Working Memory Training Raises IQ of Adults

I have pointed out in an earlier post how training young children to increase their working memory capacity will increase their IQ. This same phenomenon has now been demonstrated in young adults (mean age = 25.6 years).

Subjects were pre-tested on an IQ test involving visual analogy problems of increasing difficulty. Each problem presented a matrix of patterns in which one pattern was missing. The test was to identify the missing pattern from a set of alternatives. After training or a control without training, the test was repeated and scores compared.

The working memory task consisted of presenting at the same time two short series of stimuli, one visual and one auditory. The visual stimuli consisted of a small white square positioned at one of eight locations on a black screen and presented sequentially every three seconds. After seeing the series, the subject was tested with a test screen and asked to say if it matched the screen that was presented some n-number of screens earlier. This is a standard n-back paradigm often used to test working memory capacity. The n was adjusted to performance level and increased as subjects became proficient at remembering 2, then 3, etc. prior screens. A similar protocol was used for the auditory task, which involved hearing a recording of the sounds of a sequence of alphabet letters, with subjects asked to tell if a target test sound was the same as one they had heard 2, 3, or more sounds earlier.

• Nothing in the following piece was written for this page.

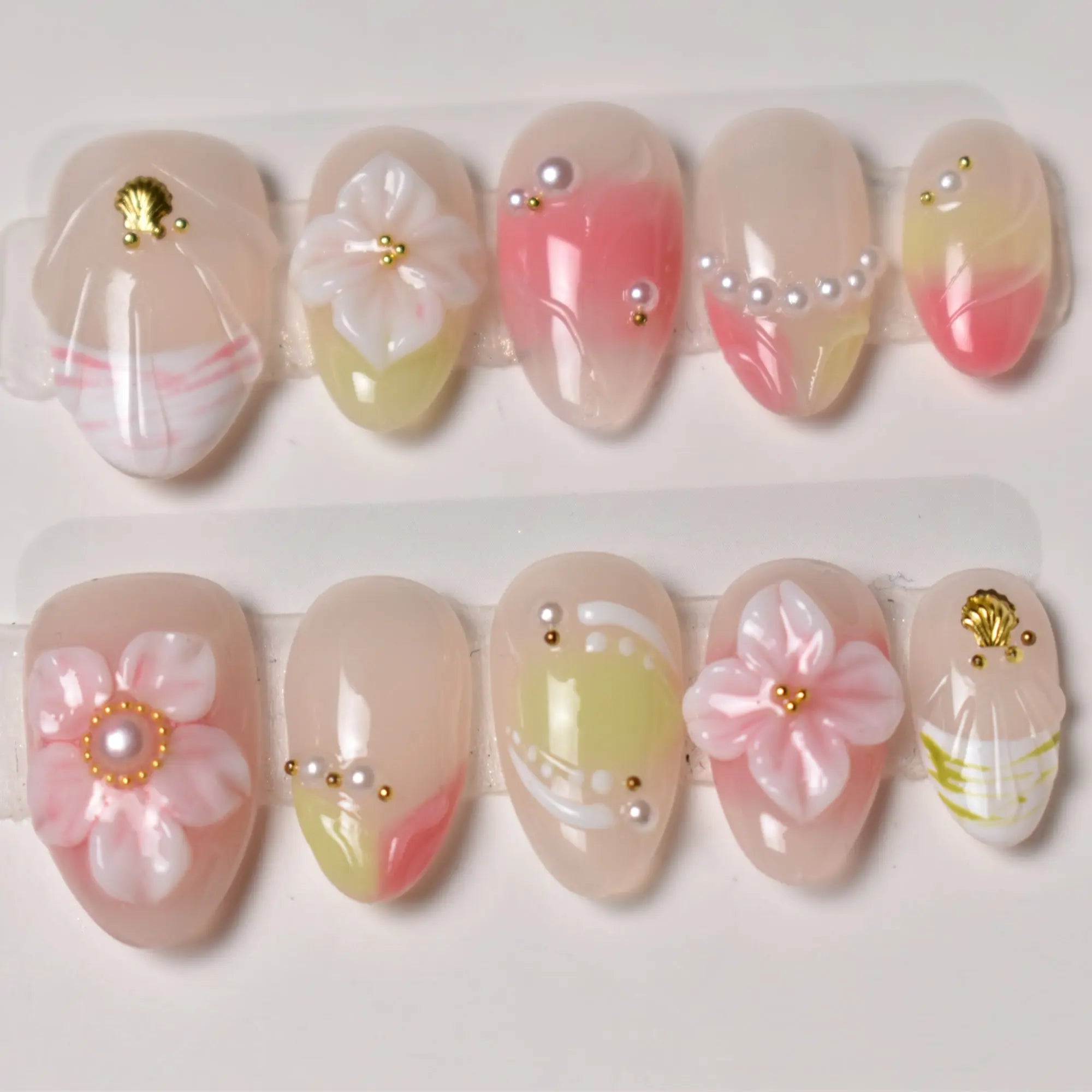 HARU NO KOMOREBI (春の木漏れ日) – “Spring Sunlight Through Leaves” B1P54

Both working memory capacity and IQ improvements were seen in as little as 8 daily training sessions, and subjects steadily improved as training was extended to 19 days of training.

Source:

Jaeggi, S. M. et al. 2008. Improving fluid intelligence with training on working memory. Proc. Natl. Acad. Science. www.pnas.org/cgi/doi/10.1073/pnas.0801268105

Memory Consolidation Issues

I am one of the columnists for Sharp Brains. I just posted a review article on some key issues for memory consolidation. These deal with such subjects as over-training, forgetting of things you once knew extremely well, and the learning effects of testing. Check it out at http://www.sharpbrains.com/blog/2008/07/09/improve-memory-with-sleep-practice-and-testing/

I just released a new book, Blame Game. How To Win It. Although it is based more on general psychological principles, one of the five chapters explains how learning and memory changes the brain, chemically and structurally, and thus provides a way to change behavior permanently. The book's thesis is a five-step program for living the good life. Think of it as "debt relief" for the high costs of excuse-making. Prominent psychologists have endorsed the pre-publication version. Check it out at Amazon or at your local bookstore (official release date is July 24).

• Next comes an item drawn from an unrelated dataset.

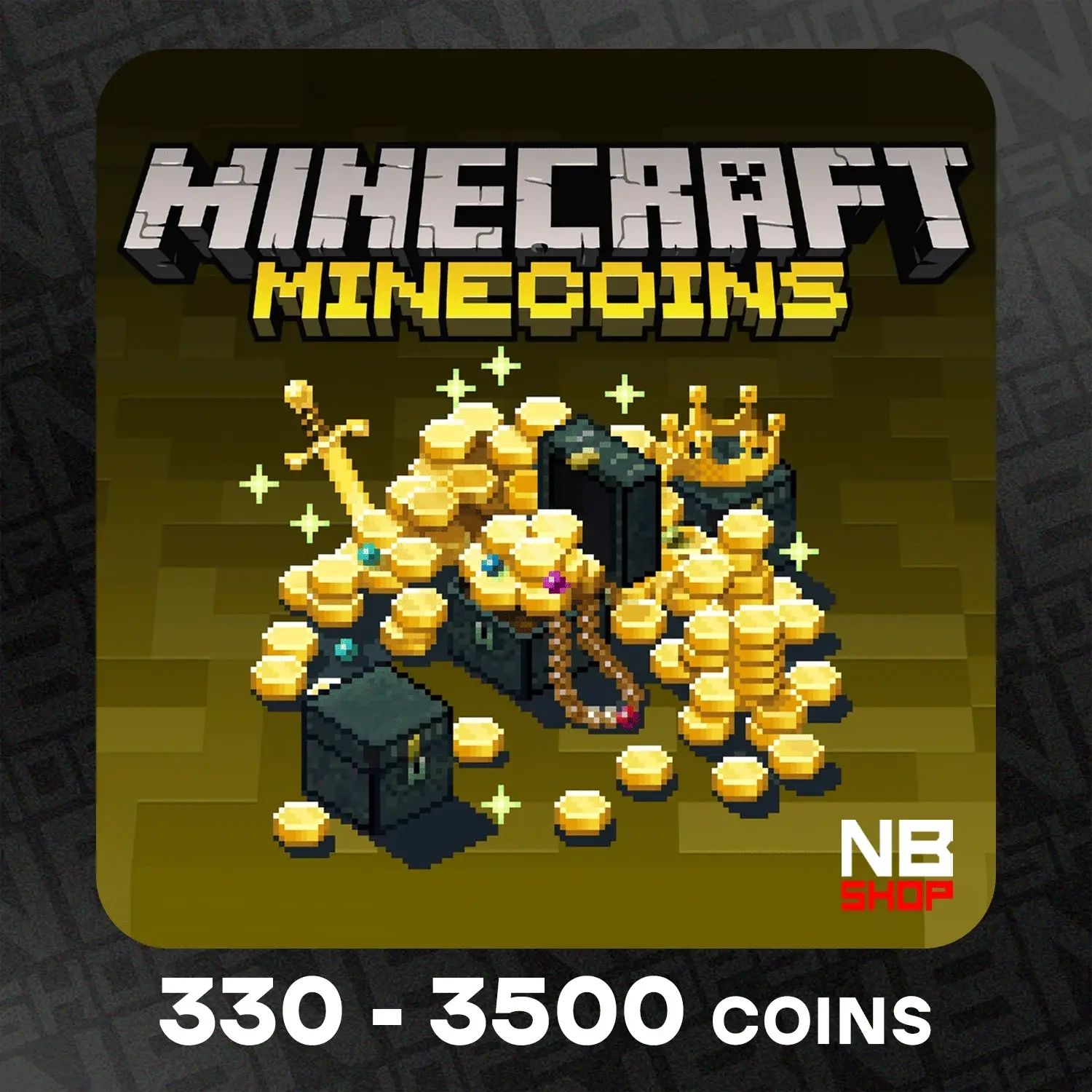 Ключ Minecoins 330/1720/3500 – Minecraft, онлайн, ...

Updating Existing Memories Also Requires Consolidation

As a newly forming memory develops (see chapter on memory consolidation in my book), it is susceptible to disruption by mind wandering, other stimuli, distractions, etc. When a new memory is retrieved, a re-consolidation process will be required if updated information needs to be incorporated. Such re-consolidation involves a new round of protein synthesis in brain cells, similar to that which is needed to make the initial learning a lasting memory. Likewise, a re-consolidation process must be protected from disruptive influences if the updated information is to be integrated and consolidated with the original learning.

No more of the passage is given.